(Recorded data)
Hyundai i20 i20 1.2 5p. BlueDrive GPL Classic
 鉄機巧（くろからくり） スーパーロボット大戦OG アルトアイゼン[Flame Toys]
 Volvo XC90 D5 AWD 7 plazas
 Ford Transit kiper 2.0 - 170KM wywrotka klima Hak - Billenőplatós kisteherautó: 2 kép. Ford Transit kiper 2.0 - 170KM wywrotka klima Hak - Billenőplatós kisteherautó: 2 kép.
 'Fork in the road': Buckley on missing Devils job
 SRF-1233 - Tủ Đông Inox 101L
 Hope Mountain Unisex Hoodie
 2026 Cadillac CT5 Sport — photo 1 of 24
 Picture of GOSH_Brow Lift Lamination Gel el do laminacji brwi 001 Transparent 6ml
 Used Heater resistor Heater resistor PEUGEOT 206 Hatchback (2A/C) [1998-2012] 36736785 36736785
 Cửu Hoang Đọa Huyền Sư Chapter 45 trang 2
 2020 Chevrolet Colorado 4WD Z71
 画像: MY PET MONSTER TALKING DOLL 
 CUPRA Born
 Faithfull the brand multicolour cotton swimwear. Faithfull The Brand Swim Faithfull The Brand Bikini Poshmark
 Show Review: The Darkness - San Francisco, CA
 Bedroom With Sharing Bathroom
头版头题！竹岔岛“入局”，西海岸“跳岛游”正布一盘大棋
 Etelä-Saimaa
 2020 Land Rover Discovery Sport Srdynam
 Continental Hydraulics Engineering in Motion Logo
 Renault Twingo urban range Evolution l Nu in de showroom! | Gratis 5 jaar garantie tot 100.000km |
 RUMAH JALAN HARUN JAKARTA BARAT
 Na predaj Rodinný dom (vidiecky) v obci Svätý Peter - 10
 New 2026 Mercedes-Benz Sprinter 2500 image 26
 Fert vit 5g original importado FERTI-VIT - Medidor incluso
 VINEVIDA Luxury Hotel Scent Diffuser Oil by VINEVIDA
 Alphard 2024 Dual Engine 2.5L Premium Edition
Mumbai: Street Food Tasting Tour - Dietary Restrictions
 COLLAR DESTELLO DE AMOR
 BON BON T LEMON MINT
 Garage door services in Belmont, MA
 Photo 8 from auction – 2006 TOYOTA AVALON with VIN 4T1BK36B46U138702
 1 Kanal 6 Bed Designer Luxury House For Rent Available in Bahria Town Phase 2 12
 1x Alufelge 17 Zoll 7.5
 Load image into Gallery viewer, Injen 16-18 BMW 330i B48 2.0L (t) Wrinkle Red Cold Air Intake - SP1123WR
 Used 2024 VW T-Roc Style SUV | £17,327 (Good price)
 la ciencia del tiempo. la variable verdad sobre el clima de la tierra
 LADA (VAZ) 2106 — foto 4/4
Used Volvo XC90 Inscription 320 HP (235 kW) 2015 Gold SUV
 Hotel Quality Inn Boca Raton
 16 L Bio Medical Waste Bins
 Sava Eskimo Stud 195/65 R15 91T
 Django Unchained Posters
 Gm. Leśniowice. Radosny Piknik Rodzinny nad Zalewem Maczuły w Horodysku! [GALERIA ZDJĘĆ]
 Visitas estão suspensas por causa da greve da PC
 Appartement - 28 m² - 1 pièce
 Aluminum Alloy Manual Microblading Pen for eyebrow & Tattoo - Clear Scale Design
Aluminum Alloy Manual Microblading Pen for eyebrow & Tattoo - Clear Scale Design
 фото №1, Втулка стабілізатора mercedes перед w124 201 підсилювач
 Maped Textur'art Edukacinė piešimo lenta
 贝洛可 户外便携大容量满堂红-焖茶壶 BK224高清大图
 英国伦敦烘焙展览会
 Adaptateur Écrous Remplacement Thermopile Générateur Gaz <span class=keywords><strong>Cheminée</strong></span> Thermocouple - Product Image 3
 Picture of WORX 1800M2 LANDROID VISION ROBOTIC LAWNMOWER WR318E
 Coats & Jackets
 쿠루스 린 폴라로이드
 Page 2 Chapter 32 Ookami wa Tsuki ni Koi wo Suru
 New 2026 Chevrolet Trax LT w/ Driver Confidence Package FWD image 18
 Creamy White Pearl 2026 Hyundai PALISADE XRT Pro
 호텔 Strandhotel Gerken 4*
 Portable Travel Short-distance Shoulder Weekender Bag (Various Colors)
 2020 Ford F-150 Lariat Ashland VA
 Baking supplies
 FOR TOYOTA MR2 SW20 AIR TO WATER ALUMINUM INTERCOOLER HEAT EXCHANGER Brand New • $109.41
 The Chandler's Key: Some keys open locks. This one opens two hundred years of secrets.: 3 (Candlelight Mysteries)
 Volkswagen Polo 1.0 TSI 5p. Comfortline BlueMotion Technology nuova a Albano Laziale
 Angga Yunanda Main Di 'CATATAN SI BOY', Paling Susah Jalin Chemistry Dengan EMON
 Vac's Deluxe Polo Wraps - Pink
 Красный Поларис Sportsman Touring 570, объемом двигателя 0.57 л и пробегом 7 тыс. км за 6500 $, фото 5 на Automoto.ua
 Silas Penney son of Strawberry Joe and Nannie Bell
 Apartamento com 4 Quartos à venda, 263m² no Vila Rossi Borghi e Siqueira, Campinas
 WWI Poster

* **The task**
Up to and including the line with "Hotel Quality Inn Boca Raton", repeat the data exactly, starting from its first line; nothing else belongs in the response.

* **Solution for this problem**
Hyundai i20 i20 1.2 5p. BlueDrive GPL Classic
 鉄機巧（くろからくり） スーパーロボット大戦OG アルトアイゼン[Flame Toys]
 Volvo XC90 D5 AWD 7 plazas
 Ford Transit kiper 2.0 - 170KM wywrotka klima Hak - Billenőplatós kisteherautó: 2 kép. Ford Transit kiper 2.0 - 170KM wywrotka klima Hak - Billenőplatós kisteherautó: 2 kép.
 'Fork in the road': Buckley on missing Devils job
 SRF-1233 - Tủ Đông Inox 101L
 Hope Mountain Unisex Hoodie
 2026 Cadillac CT5 Sport — photo 1 of 24
 Picture of GOSH_Brow Lift Lamination Gel el do laminacji brwi 001 Transparent 6ml
 Used Heater resistor Heater resistor PEUGEOT 206 Hatchback (2A/C) [1998-2012] 36736785 36736785
 Cửu Hoang Đọa Huyền Sư Chapter 45 trang 2
 2020 Chevrolet Colorado 4WD Z71
 画像: MY PET MONSTER TALKING DOLL 
 CUPRA Born
 Faithfull the brand multicolour cotton swimwear. Faithfull The Brand Swim Faithfull The Brand Bikini Poshmark
 Show Review: The Darkness - San Francisco, CA
 Bedroom With Sharing Bathroom
头版头题！竹岔岛“入局”，西海岸“跳岛游”正布一盘大棋
 Etelä-Saimaa
 2020 Land Rover Discovery Sport Srdynam
 Continental Hydraulics Engineering in Motion Logo
 Renault Twingo urban range Evolution l Nu in de showroom! | Gratis 5 jaar garantie tot 100.000km |
 RUMAH JALAN HARUN JAKARTA BARAT
 Na predaj Rodinný dom (vidiecky) v obci Svätý Peter - 10
 New 2026 Mercedes-Benz Sprinter 2500 image 26
 Fert vit 5g original importado FERTI-VIT - Medidor incluso
 VINEVIDA Luxury Hotel Scent Diffuser Oil by VINEVIDA
 Alphard 2024 Dual Engine 2.5L Premium Edition
Mumbai: Street Food Tasting Tour - Dietary Restrictions
 COLLAR DESTELLO DE AMOR
 BON BON T LEMON MINT
 Garage door services in Belmont, MA
 Photo 8 from auction – 2006 TOYOTA AVALON with VIN 4T1BK36B46U138702
 1 Kanal 6 Bed Designer Luxury House For Rent Available in Bahria Town Phase 2 12
 1x Alufelge 17 Zoll 7.5
 Load image into Gallery viewer, Injen 16-18 BMW 330i B48 2.0L (t) Wrinkle Red Cold Air Intake - SP1123WR
 Used 2024 VW T-Roc Style SUV | £17,327 (Good price)
 la ciencia del tiempo. la variable verdad sobre el clima de la tierra
 LADA (VAZ) 2106 — foto 4/4
Used Volvo XC90 Inscription 320 HP (235 kW) 2015 Gold SUV
 Hotel Quality Inn Boca Raton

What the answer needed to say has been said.